With the help of the UEFA HatTrick programme, the Football Federation of Armenia has created a training facility of which the whole country can be proud – with plans for more to follow.
Standing proudly in northeast Yerevan is an institution which aptly demonstrates what can be achieved through the power of collaboration.
Armenia's national teams technical centre and football academy was the flagship project of a wider strategy aimed at raising standards of the game in the country. The Football Federation of Armenia (FFA) started construction of the pioneering centre in 2006. With the help of UEFA's HatTrick programme and the Armenian government, the facility was completed in April 2013 – and it has not taken long to prove its worth.
According to the FFA general secretary, Armen Minasyan, the national technical centre has already "played a great part in the development of Armenian football". "All the football activities now happen in one place," he adds. "The players now have all the modern conditions to practise, and this can be seen if you look at the results of our national team. We can't even compare them to the ones we had previously."
The centre certainly caters for every need: set in a 15 hectare plot donated by the Armenian government there are ten grass pitches, one artificial pitch, a 1,500-seat stadium, an international standard indoor football hall with a capacity of 500, open air and covered swimming pools, a rehabilitation centre and changing rooms.
Then there is the academy building and technical centre for the national teams, also on the same site. This complex includes a hotel which sleeps 100 people, a restaurant, classrooms, library, meeting and analysis room plus modern fitness centres. The academy serves the surrounding districts of Yerevan with more than 600 children of various age groups training there, and regular grassroots events and tournaments taking place on site.

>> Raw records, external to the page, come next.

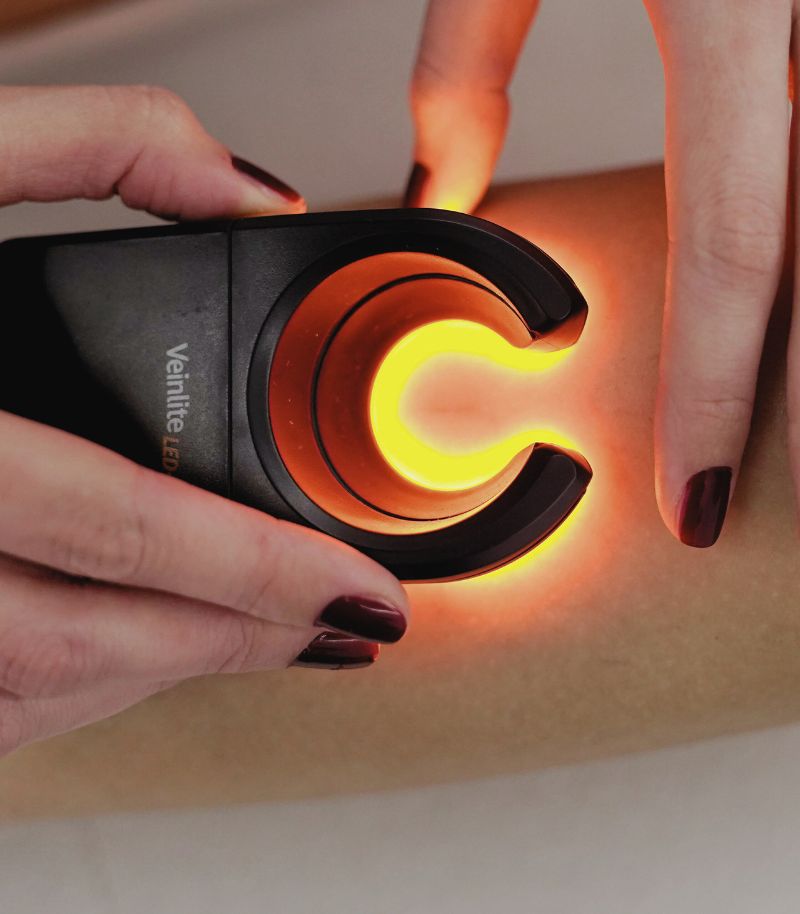 Innovación en tratamientos para angiomas con tecnología láser avanzada Innovación en tratamientos para angiomas con tecnología láser avanzada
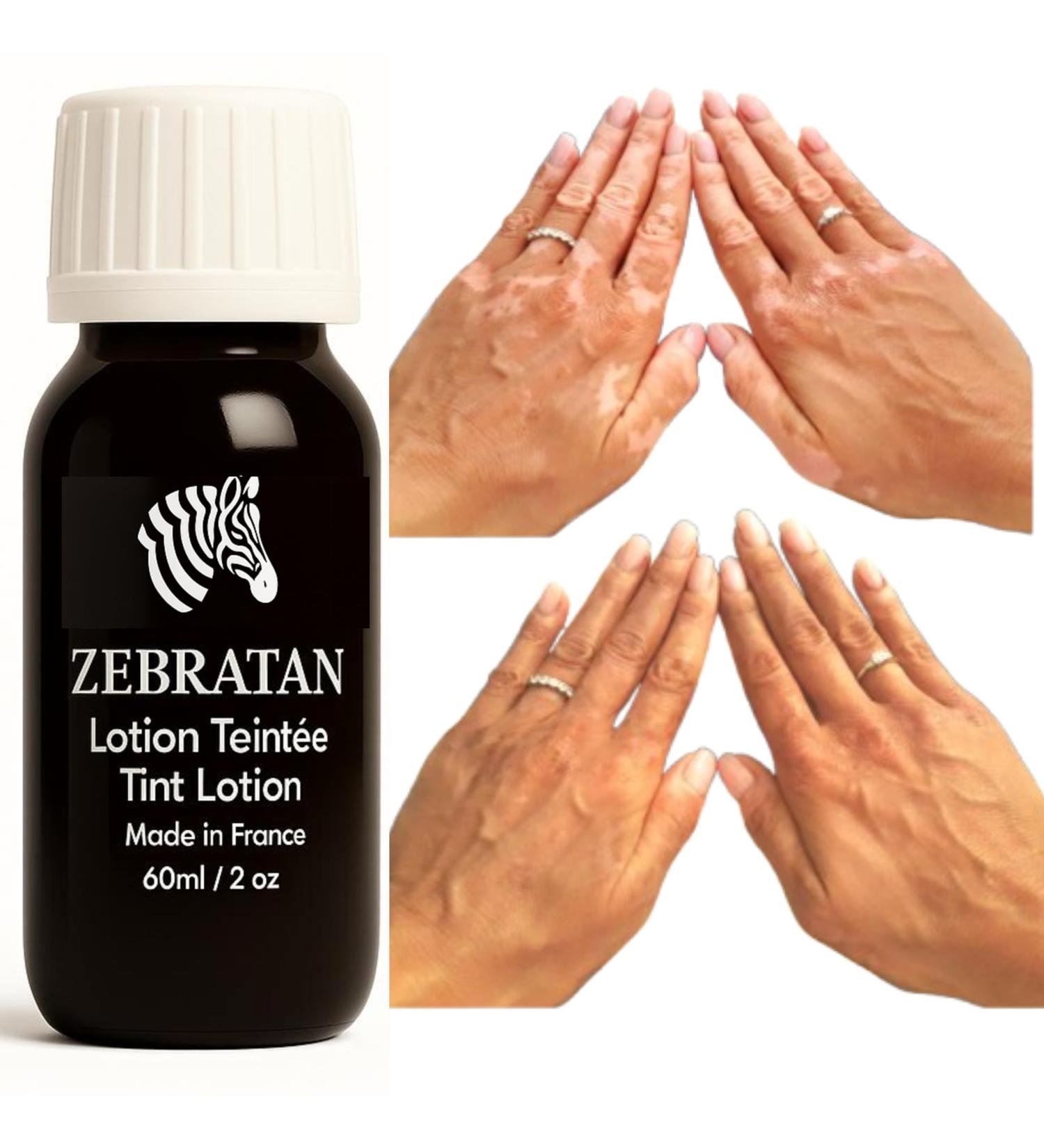  Zebratan Vitiligo Makeup Lotion 60 ml Mask White Spots on Skin Natural Camouflage Non Greasy No Foundation Men Women & Children Self Tanning Vegan Beige Brown - Buy Online on GoSupps.com
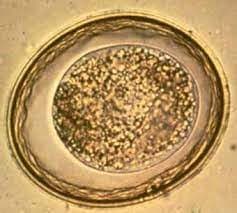 توکسوکارا کتی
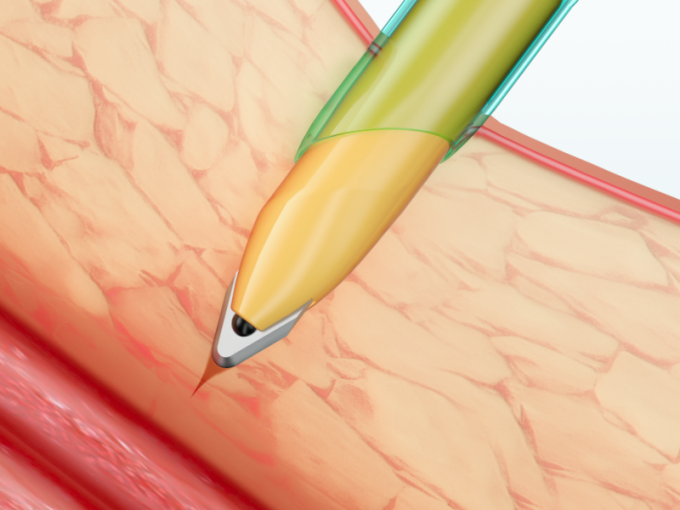 Laparoskopik Aletler Bıçaklı Tek Kullanımlık Trokar Kanül 1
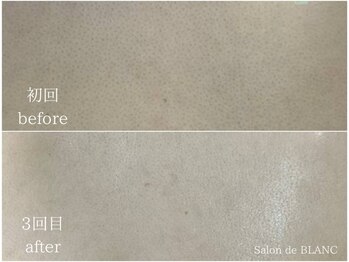 サロン ド ブラン アオヤマ(Salon de BLANC AOYAMA)/背中ハーブピーリング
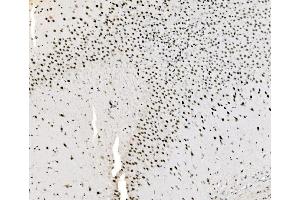 IHC analysis of JUNB using anti-JUNB antibody (ABIN7603223). (JunB 抗体  (N-Term))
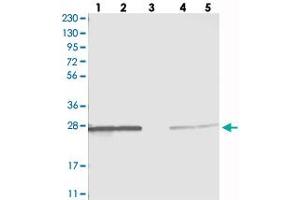 Western blot analysis of Lane 1: RT-4, Lane 2: U-251 MG, Lane 3: Human Plasma, Lane 4: Liver, Lane 5: Tonsil with PMM1 polyclonal antibody . (PMM1 Antikörper)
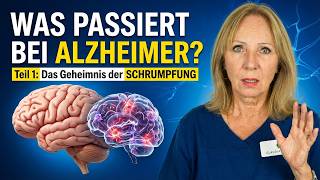 Warum du Alzheimer früh erkennen musst – Gehirnatrophie erklärt | Dr. Claudia Bignion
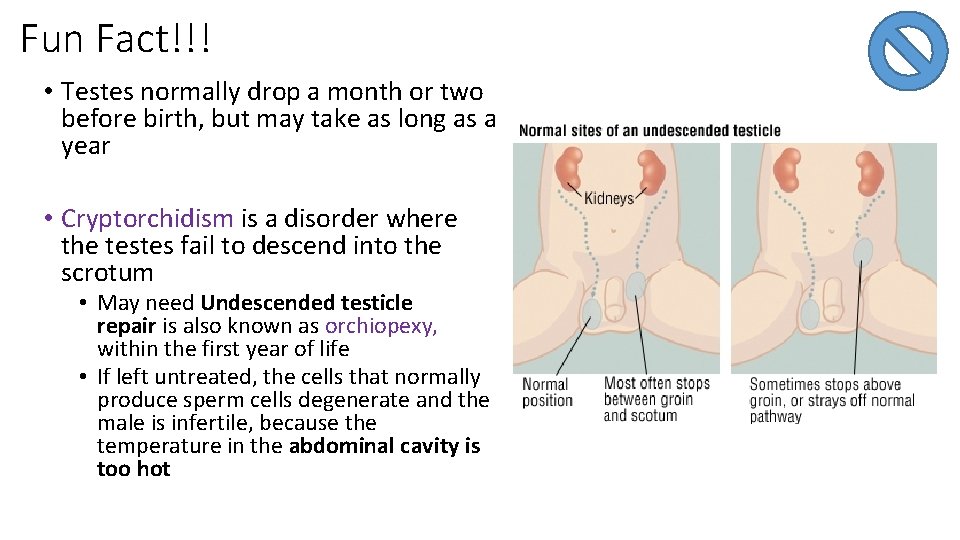 Fun Fact!!! • Testes normally drop a month or two before birth, but may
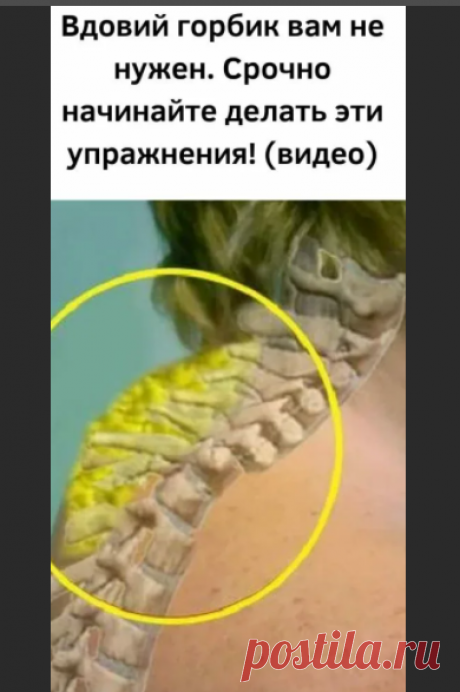 Особенности и лечение нароста «вдовий горб».

Делать его достаточно просто – необходимо в течение нескольких минут разминать место уплотнения и шею.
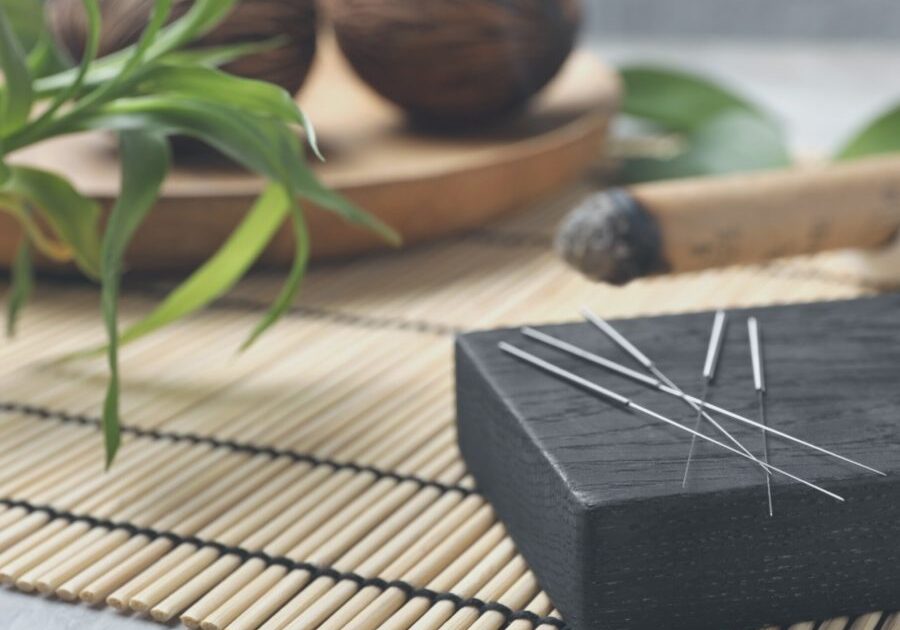 Acupuncture - img2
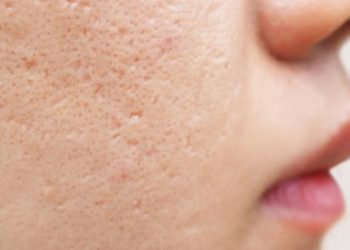 للتعامل مع الوجه المثقب..اتبعي هذه التعليمات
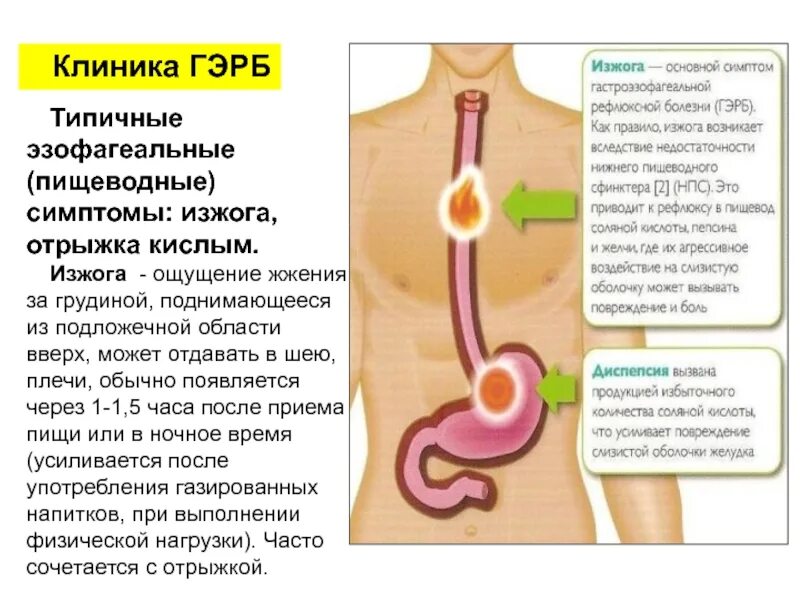 Кашель пищевода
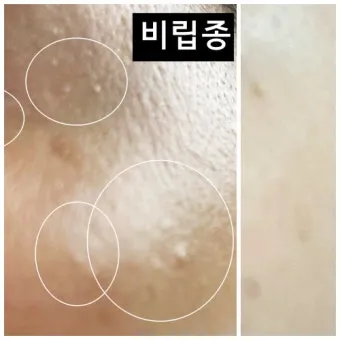 비립종 생기는 이유 비립종 없애는 방법 피부 관리법_24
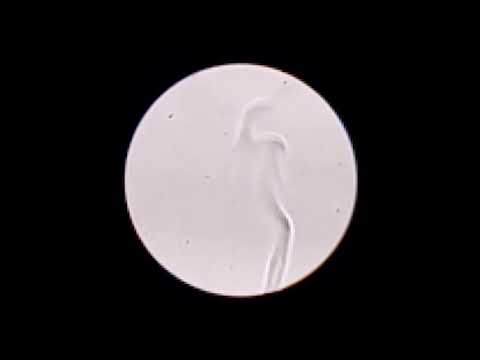 Slow Motion Schlieren Imaging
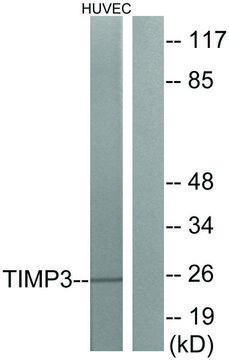 Anti-TIMP3 antibody produced in rabbit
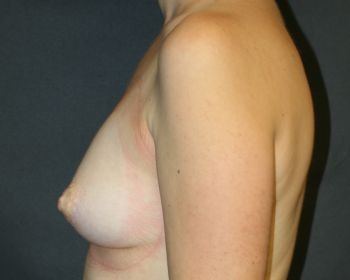 Breast Augmentation with Fat Grafting Chicago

As planned, it has become a hub for all the national teams, as Mr Minasyan explains: "The senior team practises here, as well as playing friendlies, while the Under-17 and Under-19 squads play mini-tournament matches at the stadium." It offers a place for women's football and futsal to flourish, and offers other benefits that really set it apart when compared with Armenia's previous facilities. "The academy hosts different training sessions, lessons and workshops," the general secretary adds. "We also educate new coaches, referees and other sporting personnel, while injured players start their rehabilitation – all here."
With the project proving a success, the FFA has already moved to further its strategy of improving the sport's infrastructure in Armenia. As mentioned, the Yerevan national centre was given financial backing by the UEFA HatTrick programme (phases I and II), and phase III has contributed to the new youth football academy opening in Armenia's second city, Gyumri. That will open this spring, and Mr Minasyan adds that: "at the same time we will start building a similar centre in Vanadzor".
"An essential part of developing football in Armenia," the UEFA HatTrick programme has helped pushed on the game in the country, Mr Minasyan says … and the FFA has not finished yet. "
We fully understand that football can bring joy to people and we will do everything to make the future bright," he says. "Youth academies and venues where you can practice in great conditions will help us find talented players, which our country will be proud of."